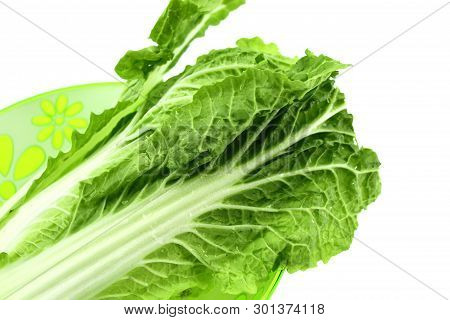 Chinese Cabbage Salad In A Plate On A Light Background. Leaves Green Fresh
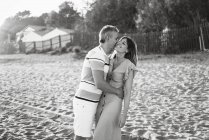 Взрослые мужчины и женщины смеются и обнимаются, веселясь на песчаном берегу курорта — стоковое фото
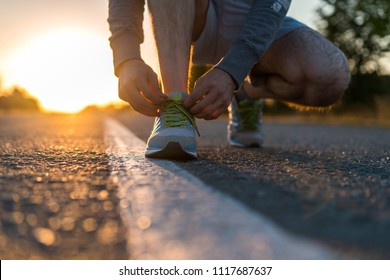 Male Runner Tying Her Shoes Preparing For A Run A Jog Outside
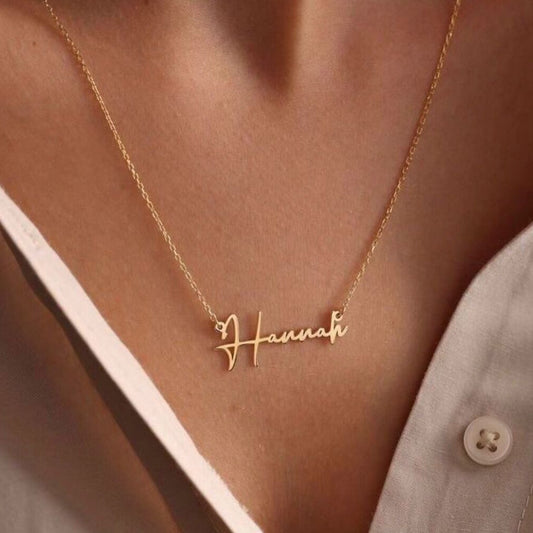 Gold custom name necklace reading “Hannah” worn on a woman’s neck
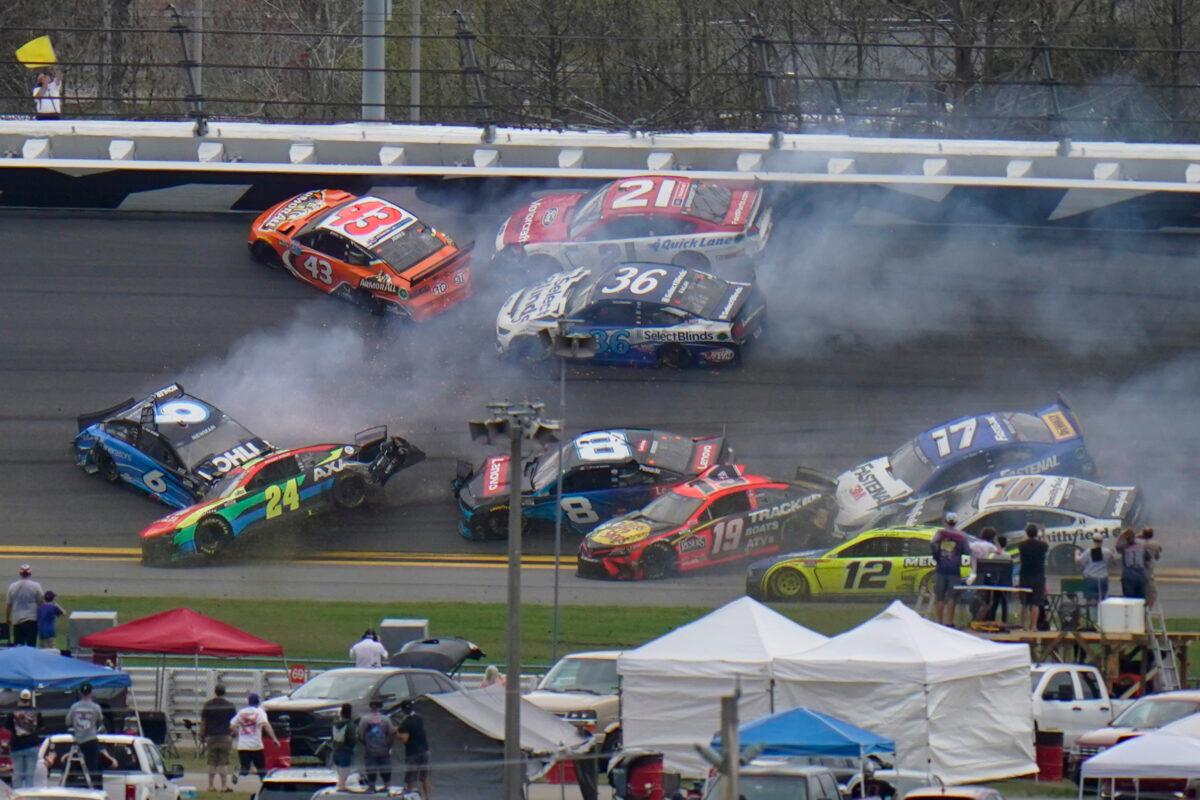 Cars collide on the 14th lap during the NASCAR Daytona 500 auto race at Daytona International Speedway, in Daytona Beach, Fla., on Feb. 14, 2021. (Chris O'Meara/AP Photo)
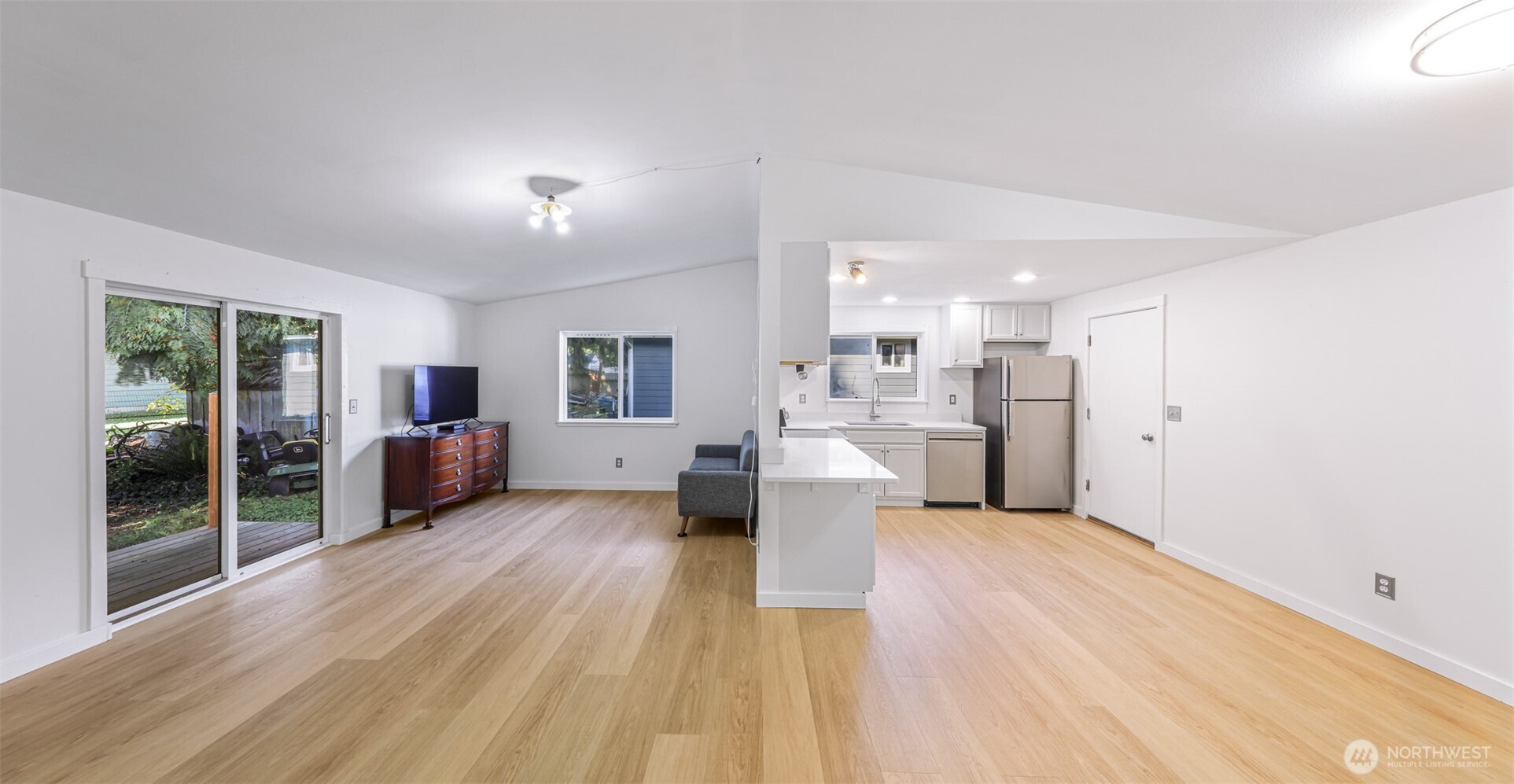 439 Fir Lane Sedro-Woolley, WA 98284 - Photo 5 of 29 a large living room with stainless steel appliances kitchen view and wooden floor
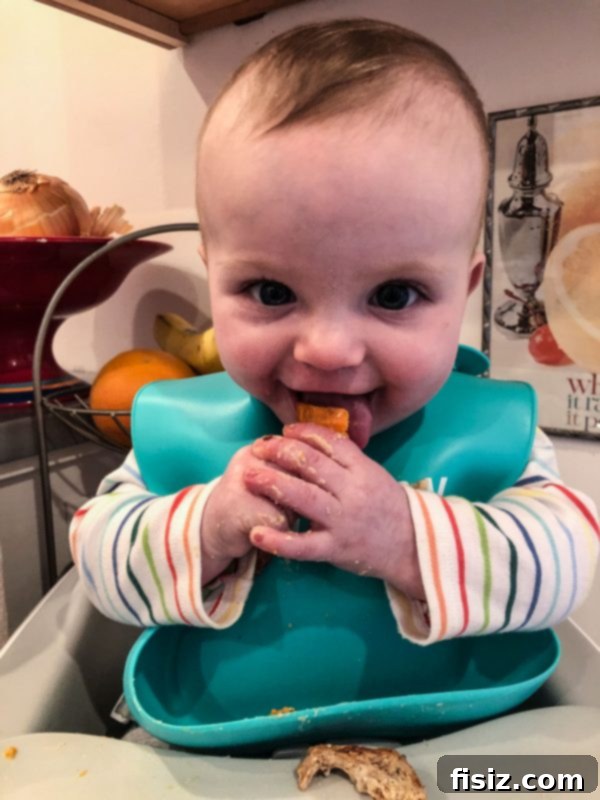 Half a Year with Charlie 10 Baby Charlie enjoying another solid food, demonstrating her growing independence with eating.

------------------------------------------------

■ **TASK ITEM**: Repeat exactly the lines from the start of the entries down to the line with "Male Runner Tying", keeping both ends but none of the pictures.

■ **RESULT OF THIS TASK**:
 Chinese Cabbage Salad In A Plate On A Light Background. Leaves Green Fresh
 Взрослые мужчины и женщины смеются и обнимаются, веселясь на песчаном берегу курорта — стоковое фото
 Male Runner Tying Her Shoes Preparing For A Run A Jog Outside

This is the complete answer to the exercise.